> _WHAT TO WORK ON_: Search the records for "Foto". Report every line where it occurs.

(Caption-style text data)
------------------------------

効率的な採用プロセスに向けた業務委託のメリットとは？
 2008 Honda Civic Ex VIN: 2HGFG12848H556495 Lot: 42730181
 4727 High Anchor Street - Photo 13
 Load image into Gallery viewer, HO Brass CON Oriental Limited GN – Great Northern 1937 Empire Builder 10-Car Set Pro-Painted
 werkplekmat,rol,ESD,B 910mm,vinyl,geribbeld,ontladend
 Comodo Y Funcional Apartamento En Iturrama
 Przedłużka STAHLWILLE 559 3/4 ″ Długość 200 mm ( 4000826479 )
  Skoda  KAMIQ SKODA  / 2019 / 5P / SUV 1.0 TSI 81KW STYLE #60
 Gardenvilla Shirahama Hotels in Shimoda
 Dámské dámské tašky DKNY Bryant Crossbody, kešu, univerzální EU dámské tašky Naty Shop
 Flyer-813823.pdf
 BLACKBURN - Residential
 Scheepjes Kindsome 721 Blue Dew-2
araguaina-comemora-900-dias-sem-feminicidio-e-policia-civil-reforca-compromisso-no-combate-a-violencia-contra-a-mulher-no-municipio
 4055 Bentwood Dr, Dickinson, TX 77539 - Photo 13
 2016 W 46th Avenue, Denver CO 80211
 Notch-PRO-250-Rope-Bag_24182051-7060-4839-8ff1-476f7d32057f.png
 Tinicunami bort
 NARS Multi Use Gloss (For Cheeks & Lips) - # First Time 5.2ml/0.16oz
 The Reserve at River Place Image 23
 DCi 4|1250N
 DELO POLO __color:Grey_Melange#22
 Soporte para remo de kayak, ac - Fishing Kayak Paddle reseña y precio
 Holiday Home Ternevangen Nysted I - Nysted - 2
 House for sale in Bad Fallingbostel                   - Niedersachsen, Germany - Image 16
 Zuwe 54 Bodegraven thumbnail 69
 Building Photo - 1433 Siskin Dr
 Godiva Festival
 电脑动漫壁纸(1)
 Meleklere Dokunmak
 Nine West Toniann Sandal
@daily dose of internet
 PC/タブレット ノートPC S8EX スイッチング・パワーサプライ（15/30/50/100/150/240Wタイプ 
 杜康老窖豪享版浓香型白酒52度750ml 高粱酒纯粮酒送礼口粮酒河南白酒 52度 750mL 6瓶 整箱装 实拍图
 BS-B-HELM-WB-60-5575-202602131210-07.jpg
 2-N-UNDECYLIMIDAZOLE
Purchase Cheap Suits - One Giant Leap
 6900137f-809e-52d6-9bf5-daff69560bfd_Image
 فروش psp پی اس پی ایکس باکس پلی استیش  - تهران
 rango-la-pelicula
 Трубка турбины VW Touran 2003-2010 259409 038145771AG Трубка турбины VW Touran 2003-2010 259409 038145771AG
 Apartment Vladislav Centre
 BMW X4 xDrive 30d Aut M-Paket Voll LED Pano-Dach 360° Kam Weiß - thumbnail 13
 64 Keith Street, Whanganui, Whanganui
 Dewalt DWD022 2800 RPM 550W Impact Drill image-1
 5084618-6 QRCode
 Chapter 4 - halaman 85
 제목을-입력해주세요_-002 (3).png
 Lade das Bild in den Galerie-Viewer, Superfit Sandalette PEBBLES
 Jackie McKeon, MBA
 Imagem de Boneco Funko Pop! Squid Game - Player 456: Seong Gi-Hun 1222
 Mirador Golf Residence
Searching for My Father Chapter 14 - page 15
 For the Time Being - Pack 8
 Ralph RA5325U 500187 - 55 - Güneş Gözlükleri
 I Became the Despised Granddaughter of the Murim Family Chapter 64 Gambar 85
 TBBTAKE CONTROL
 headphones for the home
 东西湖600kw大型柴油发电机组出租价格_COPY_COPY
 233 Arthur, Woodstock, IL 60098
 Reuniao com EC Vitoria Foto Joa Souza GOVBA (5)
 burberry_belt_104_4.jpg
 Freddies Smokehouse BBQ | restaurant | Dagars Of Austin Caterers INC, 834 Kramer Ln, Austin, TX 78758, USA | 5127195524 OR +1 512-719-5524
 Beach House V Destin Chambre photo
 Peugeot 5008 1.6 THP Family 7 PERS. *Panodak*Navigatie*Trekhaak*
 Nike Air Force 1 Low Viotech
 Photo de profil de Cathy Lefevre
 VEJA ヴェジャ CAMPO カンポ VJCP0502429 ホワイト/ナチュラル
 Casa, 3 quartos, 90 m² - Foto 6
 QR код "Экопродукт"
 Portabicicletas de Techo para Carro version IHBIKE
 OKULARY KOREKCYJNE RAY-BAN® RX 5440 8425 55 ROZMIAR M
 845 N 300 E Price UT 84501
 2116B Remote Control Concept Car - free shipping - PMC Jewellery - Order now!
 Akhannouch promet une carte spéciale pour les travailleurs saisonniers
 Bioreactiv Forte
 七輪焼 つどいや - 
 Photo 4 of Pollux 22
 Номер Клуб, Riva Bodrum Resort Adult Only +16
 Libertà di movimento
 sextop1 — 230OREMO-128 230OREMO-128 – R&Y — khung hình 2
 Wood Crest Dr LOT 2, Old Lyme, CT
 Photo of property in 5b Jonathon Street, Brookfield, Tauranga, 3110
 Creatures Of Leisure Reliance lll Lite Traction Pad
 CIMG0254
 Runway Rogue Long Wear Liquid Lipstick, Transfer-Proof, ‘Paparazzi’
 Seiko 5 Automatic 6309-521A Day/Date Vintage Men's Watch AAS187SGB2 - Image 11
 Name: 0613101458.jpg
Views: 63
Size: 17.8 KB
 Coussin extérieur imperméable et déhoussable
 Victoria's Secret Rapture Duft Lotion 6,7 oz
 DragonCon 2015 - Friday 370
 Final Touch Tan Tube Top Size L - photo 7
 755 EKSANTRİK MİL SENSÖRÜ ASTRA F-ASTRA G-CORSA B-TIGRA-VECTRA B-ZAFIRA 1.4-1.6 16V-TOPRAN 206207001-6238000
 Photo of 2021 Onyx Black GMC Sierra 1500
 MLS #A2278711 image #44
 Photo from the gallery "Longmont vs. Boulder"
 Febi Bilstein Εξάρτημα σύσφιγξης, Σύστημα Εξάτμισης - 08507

------------------------------

> _TASK SOLUTION_:
 Reuniao com EC Vitoria Foto Joa Souza GOVBA (5)
 Casa, 3 quartos, 90 m² - Foto 6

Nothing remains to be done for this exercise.